Peut-on expliquer le mal, l’accorder à la foi ? — Depuis toujours, il y a une immense tentation. S’en laver les mains. Projeter sur Dieu nos ras-le-bol, jugements catégoriques, soifs de vengeance et solutions finales. Coupez : ça suffit, les improductifs !

À se contenter de regarder les autres, on a vite fait. L’histoire est pleine de procès à courte vue. Ça semble rassurant de penser que le mal frappe les méchants, les pécheurs… Jésus n’entre pas dans ce jeu-là. Il nous renvoie à nous-mêmes. Convertissez-vous ! Tel est son appel. Il résonne tout au long du carême.
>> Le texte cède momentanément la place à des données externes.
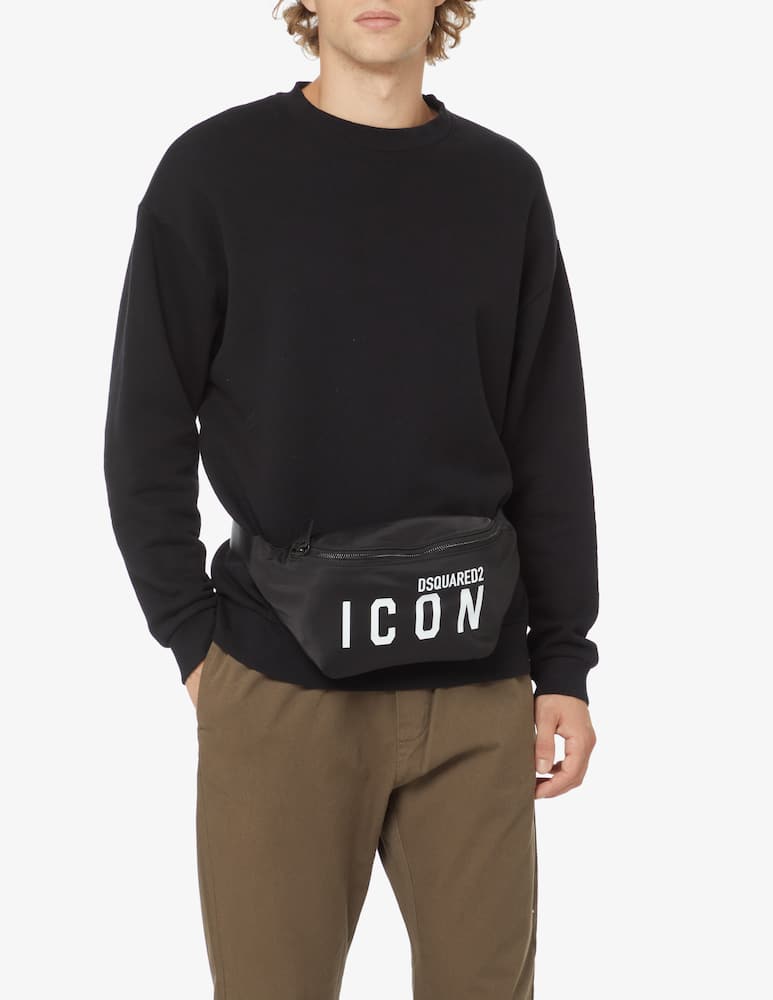 rinascente Dsquared2 Icon belt bag - black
On l’entend en polyphonie. À trois voix au moins. La 1re : Convertissez-vous, sinon… C’est pas tant une affaire de peur que de réalisme. Souvenez-vous que vous êtes poussière : notre pauvreté radicale ! Le reste s’ensuit : gestes manqués, infidélités, convoitises égoïstes, injustices, exploitation ou mépris des autres.

La liste qui traduit notre condition commune de pécheurs risque d’être infinie. Si indispensable qu’il soit, ce 1er pas de conversion ne suffit pas. L’essentiel est ailleurs. L’appel de Jésus renvoie à sa source. — 2e voix de son appel : convertissez-vous et croyez à la Bonne Nouvelle, le royaume des Cieux est tout proche.

Jésus n’explique pas le mal. Il se fait proche des malades, des accablés, des rejetés. En paroles et en actes, il montre le visage de Dieu. Non pas Dieu-juge, Dieu vengeur. Mais Dieu de tendresse et de pitié, Dieu de patience et de bonté. Dieu qui voit plus loin que les stérilités de vies infructueuses.

Jésus met sur nos lèvres le nom de Dieu. Le nom qui dit ce qu’il est, qui il est, de toujours à toujours. Depuis Abraham, depuis Moïse et les fils d’Israël esclaves, jusqu’à nous. Dieu qui voit les misères, entend le cri des blessures, connaît les souffrances. Le Père qui vient à nous, qui est avec nous en son Fils. Pour nous libérer, nous faire monter vers la vie, nous faire naître sa vie.

Jésus nous donne le nom de Dieu, son nom de Père. Le nom don nous faisons mémoire dans la foi. Dieu, qui en son Fils, nous prend pour ses enfants. Dieu, Père de miséricorde, qui pardonne et guérit de tout mal. Qui arrache à la mort elle-même dans le Christ ressuscité.

Pourtant le mal persiste, en nous et autour de nous. Tant de violences, de crises humanitaires, d’échecs, de déceptions, de condamnations sans recours, tant d’épreuves ! Quand les eaux noires nous submergent, l’appel se fait encore entendre. — 3e voix toujours difficile, peut-être la plus difficile, à entendre : Convertissez-vous… changez votre coeur, qu’il s’ouvre à l’infini de l’espérance.

Baptisés dans le Christ, abreuvés de son Esprit, nourris du Pain de vie, Nous nous pensons solides. Nous tombons, le monde s’asphyxie autour de nous : ouvrez-vous à l’Au-delà de tout. Sans force : appuyez-vous sur l’amour du Seigneur qui est fort comme l’immense univers au-dessus de la terre. Les espoirs les plus profonds de l’humanité sont bafoués : soyez fermes dans la foi, prêts à témoigner que la terre où nous vivons est sainte, parce qu’aimée du plus grand amour. L’avenir est obscur : ne cessez pas de nous approcher pour voir. Pour mieux voir, au- delà de nos impossibles humains, jusqu’où nous conduit la patience de Dieu à qui rien n’est impossible.